Here is what makes the difference:

  • You own the bike, not rent it. A rider paying KES 450/day to the bike owner cannot afford a loan on top of that. Once you own the bike, the hire fee becomes savings.
  • You work 26 days a month, not 20. Rest is important, but discipline with working days matters when repayments are due.
  • You have a small emergency fund. Even KES 5,000–10,000 set aside for a bad week protects your repayment record during rain season or illness.
  • You buy insurance. The cost of comprehensive motorcycle insurance is small compared to what an uninsured accident can cost you.
  • You track your expenses. Riders who know exactly what they spent yesterday make better financial decisions than those who guess.

A KES 100,000 loan is manageable if you are buying your first bike in a busy town and replacing an existing hire-and-ride arrangement. It is risky if you are in a small town with lower earning potential, or if you are taking on additional borrowing at the same time.

🏍️
Can Your Earnings Cover the Loan Repayments?

Use our free loan calculator to see exact monthly repayments for any boda boda loan amount and check if the numbers work.

Run the Numbers →

Other Ways Riders Boost Income

Many experienced riders do not rely on passenger transport alone. Common income supplements include:

  • Courier and delivery work. Apps like Glovo, Sendy, and various supermarket delivery services pay per package. Work is sometimes more predictable than passenger rides.
  • Night shifts.

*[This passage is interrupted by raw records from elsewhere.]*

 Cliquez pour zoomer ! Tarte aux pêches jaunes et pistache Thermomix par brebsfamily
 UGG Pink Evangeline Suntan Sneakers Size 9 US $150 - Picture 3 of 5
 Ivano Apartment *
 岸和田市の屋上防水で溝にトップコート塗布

Income per trip can be higher at night, but so is the risk — road accidents and robbery are both more likely after dark. Not a recommendation, just a reality.
  • Regular clients. Some riders build relationships with offices, hospitals, or individuals who use them on a regular schedule. Predictable volume at predictable times is worth more than random street pickups.

The Honest Bottom Line

Boda boda riding is real work with real income — but the numbers are tighter than the optimistic version you might hear at a bike dealership. After fuel, fines, repairs, and stage fees, most riders in busy towns net KES 6,000–18,000 per month. That range is wide because the difference between the top and bottom earners comes down to discipline, location, and whether they own their bike.

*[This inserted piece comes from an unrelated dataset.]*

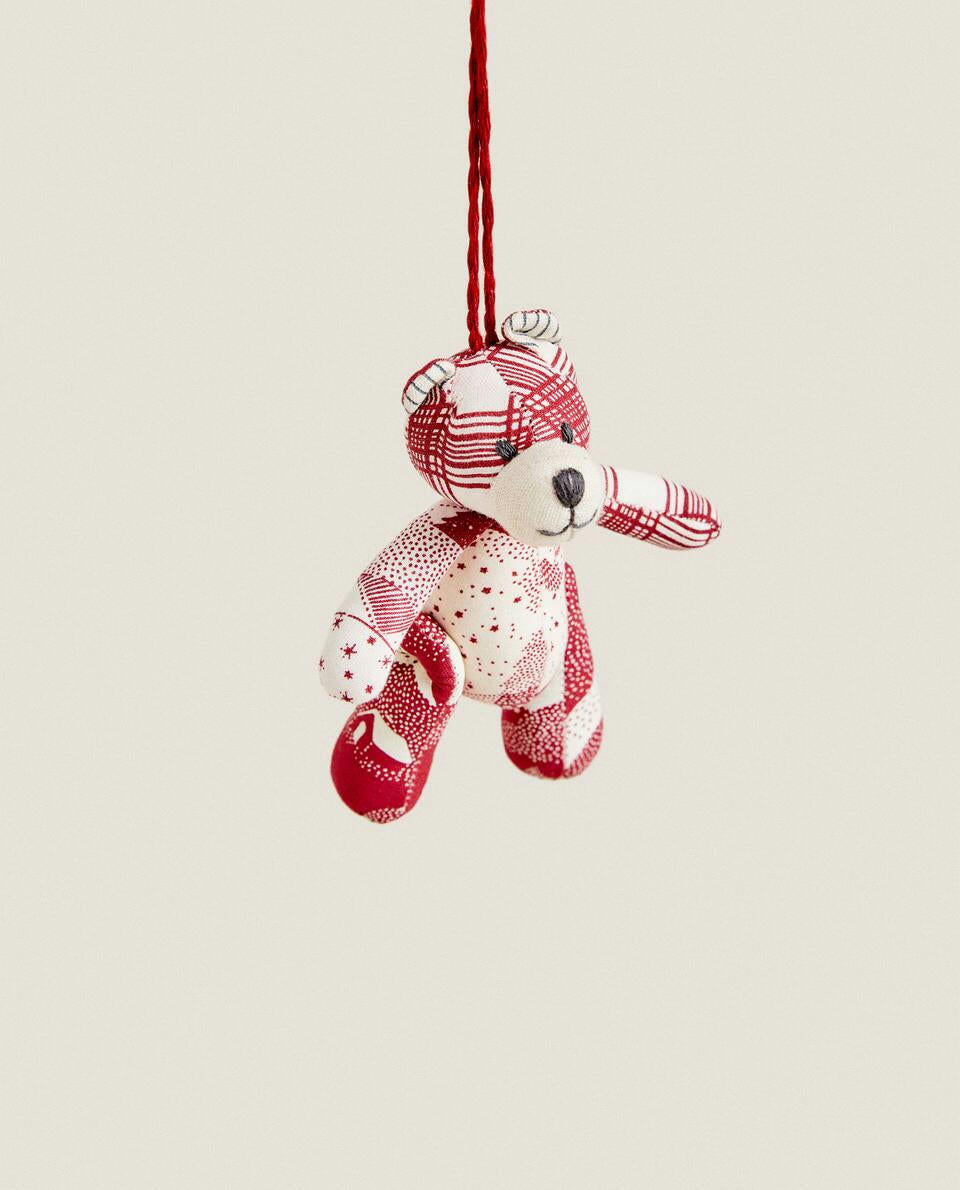 DECORACIÓN NAVIDEÑA DE OSO DE PATCHWORK 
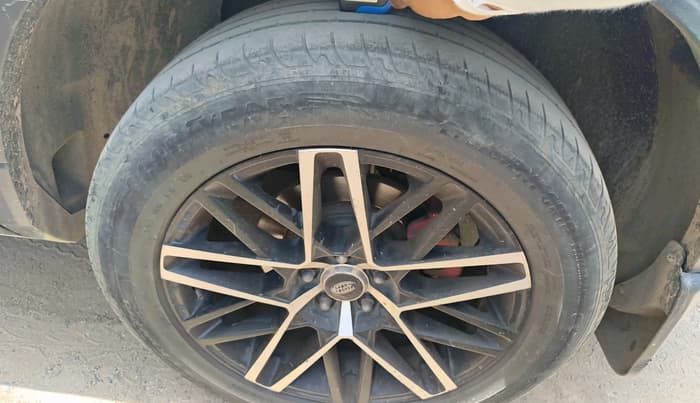 2021 Tata Safari XZA PLUS, Diesel, Automatic, 1,47,515 km, tyre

If you are considering a loan to buy a motorcycle, the income can support repayments — particularly if buying the bike replaces what you are currently paying in daily hire. Run the numbers for your specific loan amount before you commit. Know what the monthly repayment will be, compare it to your realistic (not your best-day) income, and make sure there is room left over to eat.

The loan is a tool. Whether it helps you or hurts you depends on going in with accurate numbers, not hopeful ones.